Rapid prototyping: Once an idea is formed, a design-thinking approach talks of rapid prototyping, that of quickly creating a working model of an idea and putting it in front of users. The fundamental principle here is to 'fail fast to succeed early'. It makes sense because, in case of an unstructured problem, a user does not exactly know what he/she wants but can react to or experience a solution that is presented. It requires a significant mindset shift because leaders must have the courage to present 'half-formed' solutions in front of users and move away from the mindset of 'one correct solution' that can be predetermined through extensive analysis.
Why Design Thinking
A large number of problems that we face are unstructured with some critical features and, hence, would require innovative handling. For instance, the pace of technology change is faster than the rate at which human beings are currently adapting to technology. However, research suggests technology in itself does not guarantee progress. Technology amplifies social construction. Human and cultural dimensions of organisations need to be well understood to leverage technology for change. The reliance on gadgets often implies lack of human connection at home and workplace, and this can be both an enabler and an impediment to successful teamwork.
Why is design thinking needed in the boardroom? We are moving towards a VUCA world - volatile, uncertain, complex and ambiguous. It means traditional silos are breaking down. As far as organisational structure and management theory go, managerial thoughts and practices are still driven by the industrial organisation, an organisation characterised by specialisation and hierarchy, with finance, marketing, manufacturing and technology as its key verticals. Today technology is no longer just a vertical but something that is diffused across every element of the organisation. The transition from the industrial organisation to the digital organisation is before us. How we would make decisions if we could have the right information at the right time is a pertinent question, differentially enabled by intelligent objects, cloud-based information systems and the ability to analyse complex and large data sets.
what Leaders must do
First, they should embrace 'design thinking as a mindset'. Andy Grove, the former CEO of Intel, famously said, "The CEO is the last to know," implying a lot of critical information does not reach the top. The 'design thinking mindset' means leaders must be aware of their ignorance and actively seek out people, both down the line and outside the organisation, to stay abreast of the changing world.

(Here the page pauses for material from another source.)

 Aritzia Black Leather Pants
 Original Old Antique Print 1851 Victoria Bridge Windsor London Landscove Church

Acknowledging that leaders do not have all the answers is an important first step.
The willingness to experiment, both as a demonstrated leadership attribute and an attitude that is encouraged by leaders in problem-solving settings, is a corollary and, hence, the second step.

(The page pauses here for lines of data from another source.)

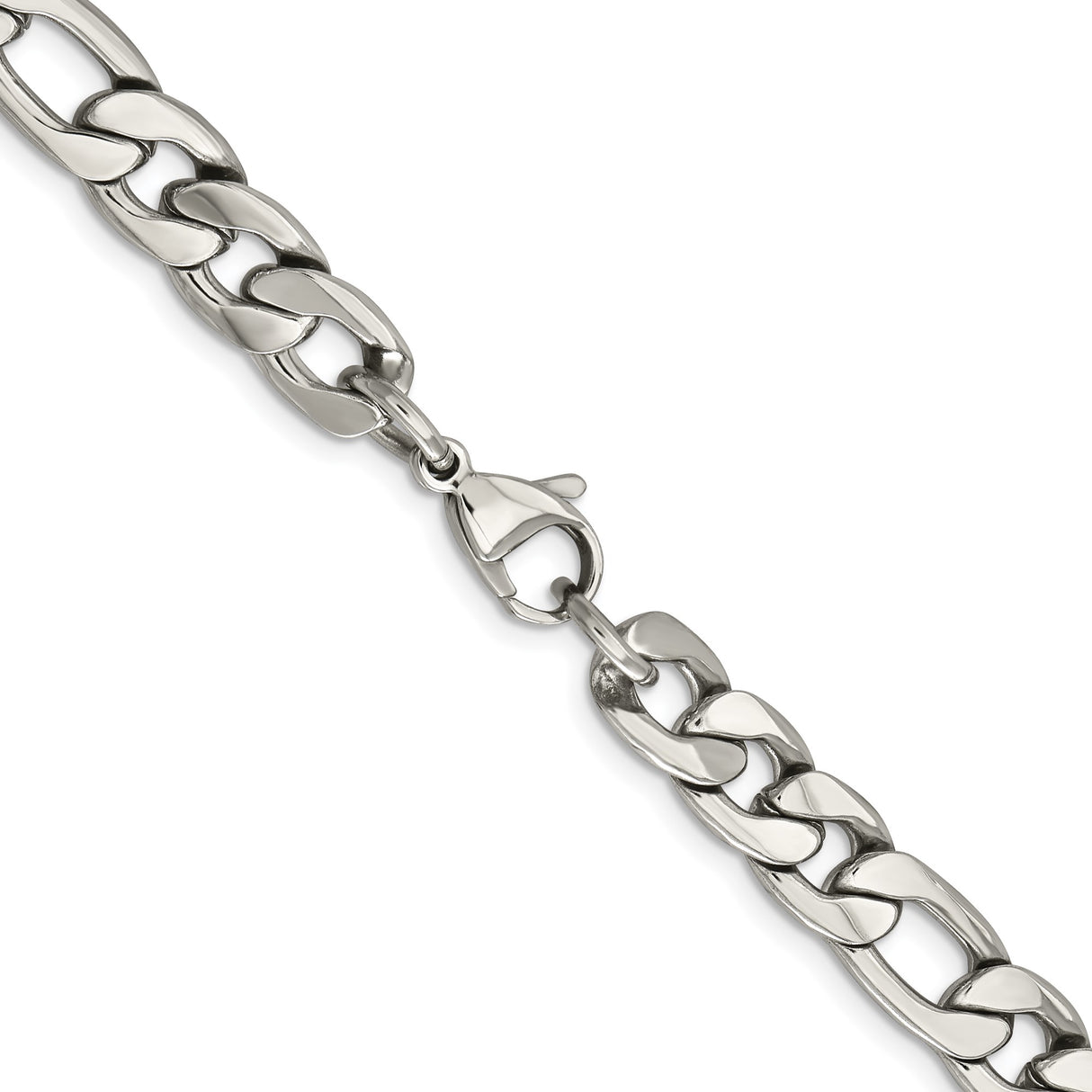 Stainless Steel 8.4 mm Figaro Chain Necklace, Polished alternate angle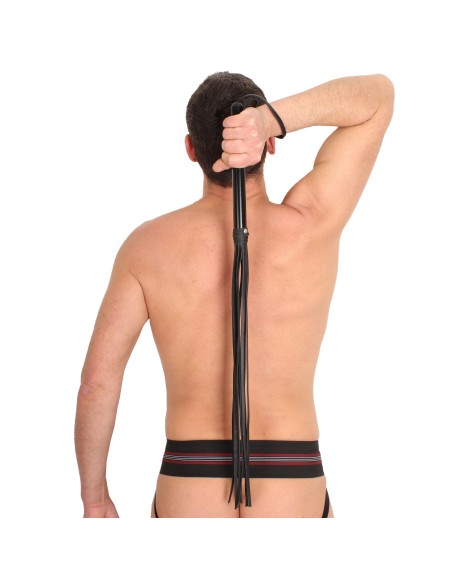 Martinet 11 brins en cuir et manche en bois 75cm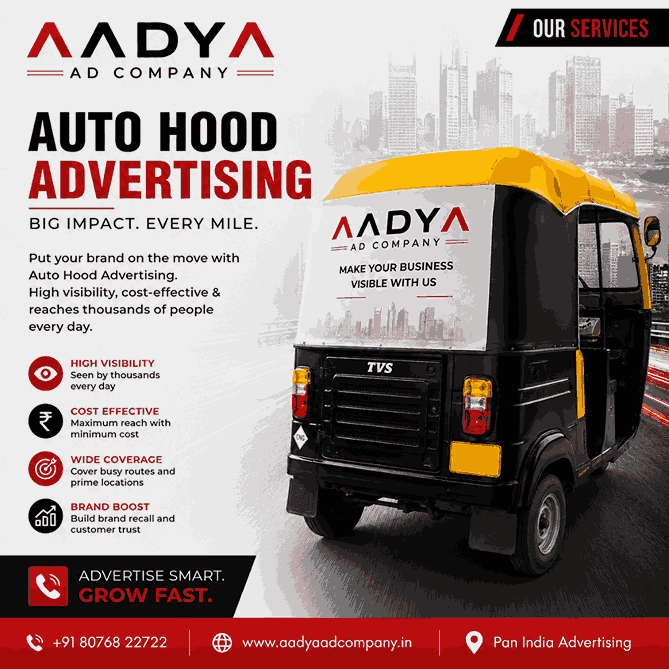 Aadya Ad Company auto hood advertising service banner with branded auto rickshaw marketing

The willingness to go beyond 'the usual suspects' and construct diverse teams with outsider input is the third step.
The entire exercise needs board support. A basic level of design thinking awareness at the board level and the senior leadership level will be an important fourth step.
Finally, setting the vision and socialising it happen to be truly unstructured problems. Applying design thinking to the omnipresent question - how I can make my employees own my vision and values, and live those values - may not be a bad place to start your organisation's design thinking journey.